Diabetes does not just take its toll on the heart, a new study in Japan has found. It dramatically increases the risks of developing Alzheimer's or dementia in later life.

Researchers from Kyushu University in Japan found that even when other risk factors of dementia such as high blood pressure, high cholesterol and smoking were taken into the account; the risks of vascular dementia and Alzheimer's from diabetes was still extremely high.

Dementia is a chronic mental disorder caused by brain disease or injury and marked by memory disorders, personality changes, and impaired reasoning.

1,017 individuals aged at least 60, were studied in Japan as a part of the study. These individuals were followed closely for 11 years, undergoing a glucose tolerance test after overnight fasting to determine whether they had diabetes.

They found 27 percent of the diabetics have developed dementia, compared to 21 percent of people without diabetes and therefore diabetics had doubled the risk of developing different forms of dementia, compared to individuals with normal blood glucose levels.

It's really important for the public health to understand that diabetes is a significant risk factor for all of these types of dementia, says Rachel Whitmer, PhD, an epidemiologist in the research division of Kaiser Permanente Northern California. She was not involved in the study.

Whitmer said the new study was done well and provides good evidence but further investigations need to be made to find out why people with diabetes are at a greater risk, Health.com reported.

So far research has found that diabetes could contribute to dementia because of Insulin resistance where high blood sugar can interfere with the body's ability to break down protein, forming brain plaque, which have been linked to Alzheimer's disease. High blood sugar has also been linked to damaging cells due to certain oxygen containing molecules.

The study also found that people with pre-diabetes or those with high blood sugar levels had a higher risk of developing dementia.

A Shot of Insulin Nasal Spray Could slow Alzheimer's Disease

Meanwhile, a recent study found that a daily dosage of insulin nasal spray could slow down the development of Alzheimer's disease, having a positive impact on improving the memory of moderate Alzheimer's sufferers

The pilot study led by Suzanne Craft of the Veterans Affairs Puget Sound Health Care System and carried out on a 104 patient found that insulin could improve memory of moderate Alzheimer sufferers and those with mild cognitive impairment (AMCI).

Patients who received 20 IU of intranasal insulin daily, over a period of four months, showed overall improvements to their cognitive functions, which were tested through story, recall tests.

The groups of patients at the average age of 72 were randomly divided into three and were given either a moderate, low or placebo dose of insulin spray through their nose.

Patients were told stories and tested over time to see how much of the details they could remember. After four months, those patients that were given the moderate 20 IU dose saw significant improvements in story recall and general thinking tests called ADAS-cog.

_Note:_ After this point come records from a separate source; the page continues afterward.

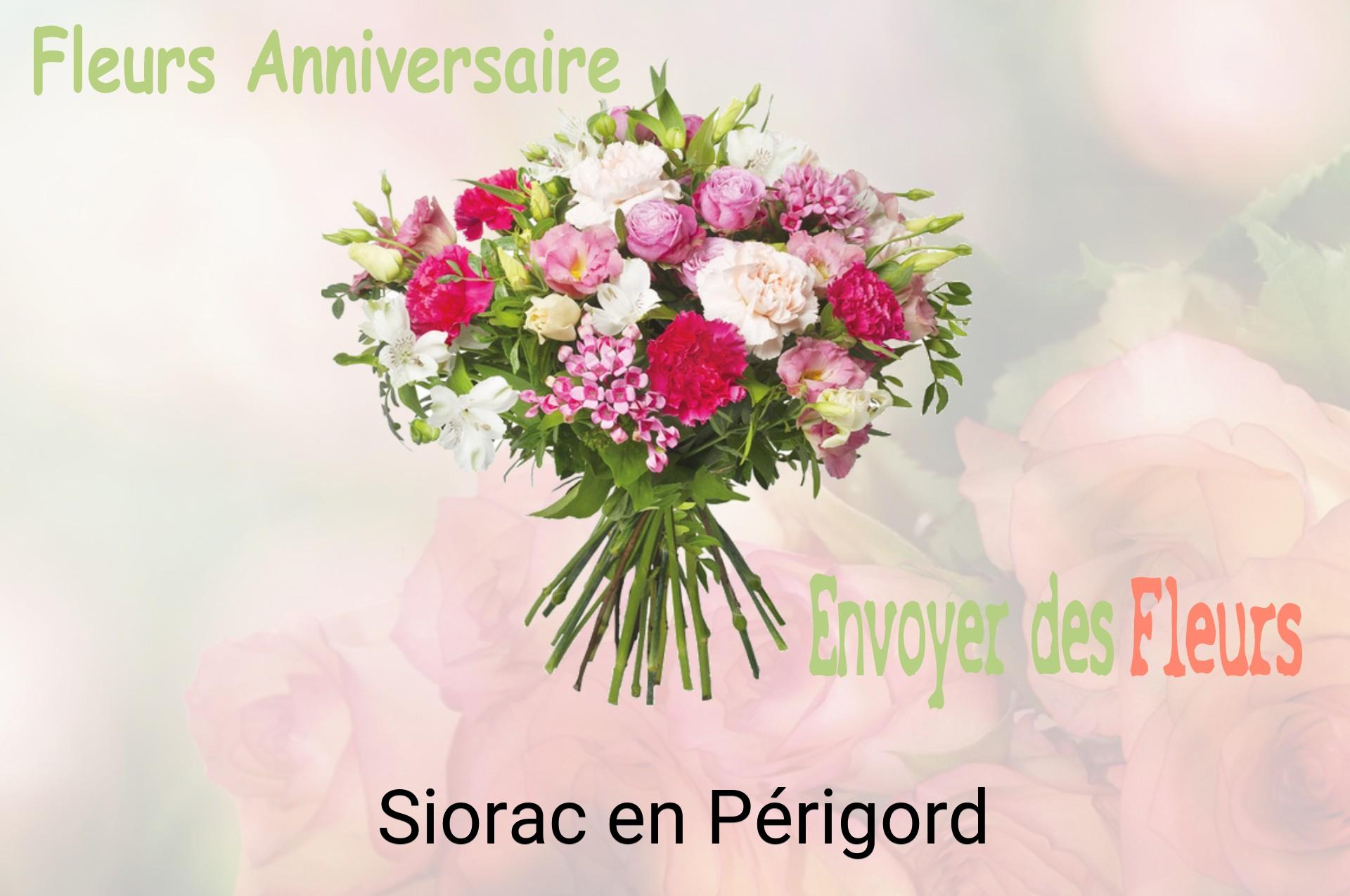 Bouquet de fleurs d’anniversaire livré à Siorac-en-Périgord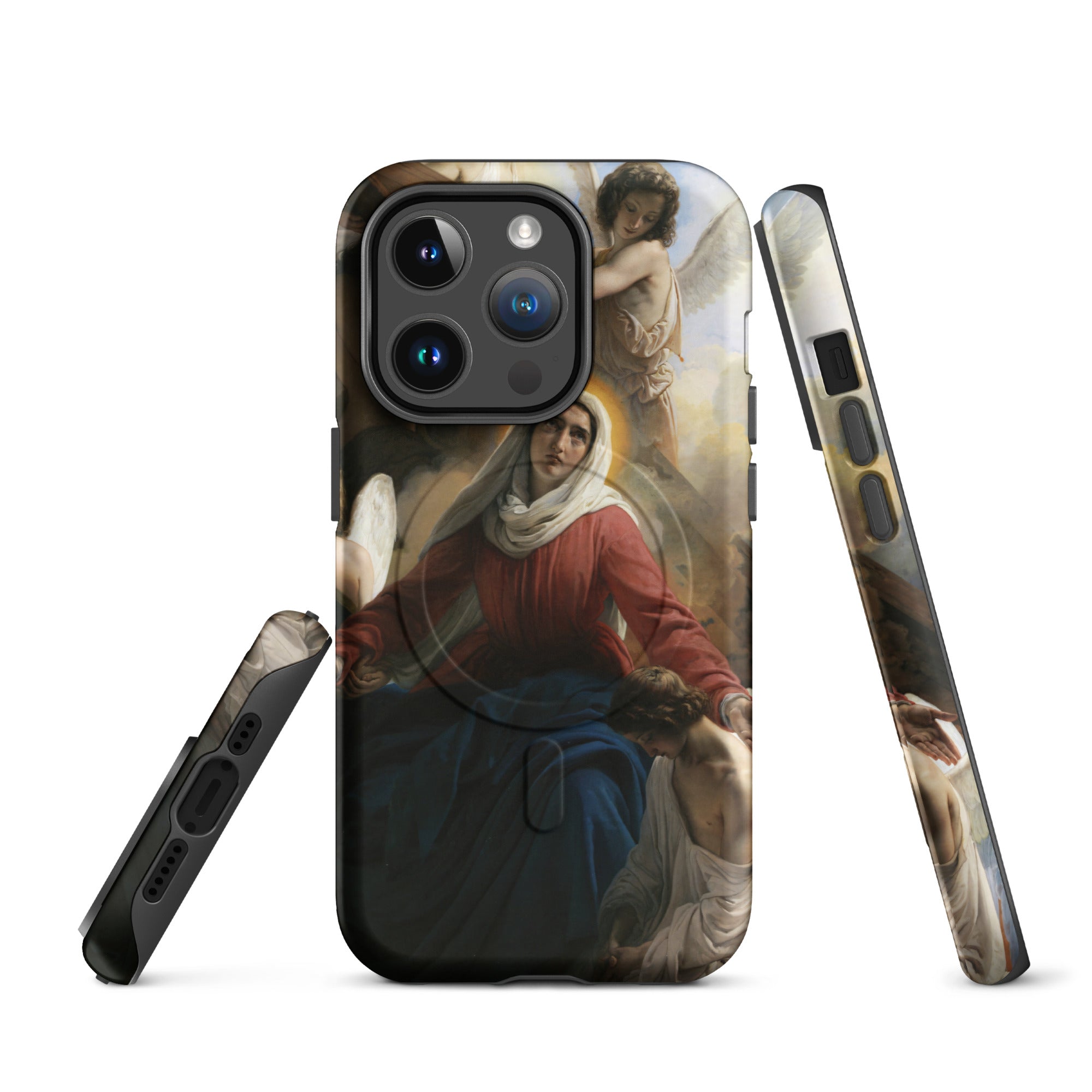 MagSafe® tough case for iPhone®-Francesco Hayez-La Vergine addolorata con gli angioli e i segni della passione 1842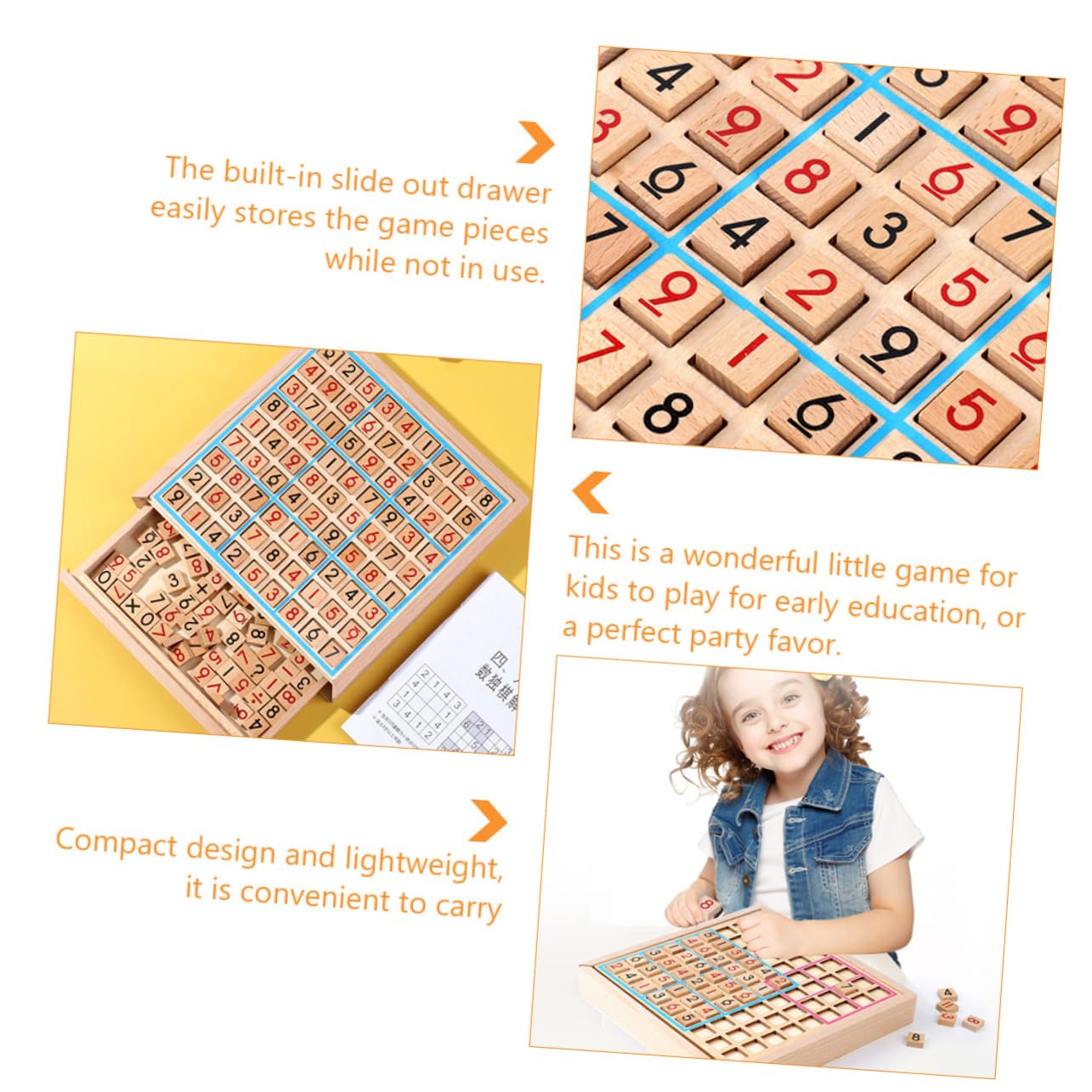 Genérico 1 Juego Sudoku De Madera Juegos Juguetes Educativos Juguete De Sudoku De Matemáticas De para De Educación Temprana Aritmético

Those patients who were given a lower dose of the insulin also showed improvements. Our results suggest that the administration of intranasal insulin may have a therapeutic benefit for adults with aMCI or Alzheimer's disease, Craft and her colleagues wrote in the Archives of Neurology.

No similar associations were observed for the placebo group, suggesting that these correlations were not due to general factors such as disease progression, said Craft.

Alzheimer's patients are known to have decreased levels of insulin in their central nervous system, which can be critical for the normal functioning of the brain.

Dr. James Galvin of New York University Langone Medical Center said although the study was small, it provides some of the most convincing evidence to date that insulin treatment may alleviate symptoms of Alzheimer's disease, Reuters reported.

He also pointed to studies of large groups of people that have linked type 2 diabetes with Alzheimer's disease. Studies performed on mice that have been administered with insulin nasal spray have proven to improve their performance when genetically alters to develop Alzheimer's disease.  

To make these findings more than just hopeful, researchers must carry out a much larger, longer study, now scheduled to begin next summer. Results from the larger study will not be available for at least 18 months after that, according to Robert Bazell, chief Science and Health correspondent of NBC news.

Alzheimer's Facts and Figures:

An estimated 5.4 million people have Alzheimer's disease according to the Alzheimer's Association with 14.9 million unpaid caregivers and 183 billion dollars in annual cost. Alzheimer's is the most common form of dementia. It is a disease that progressively worsens over time in its early stages, memory loss is mild, but with late-stage Alzheimer's, individuals lose the ability to carry on a conversation and respond to their environment. It is the sixth leading cause of death in the United States.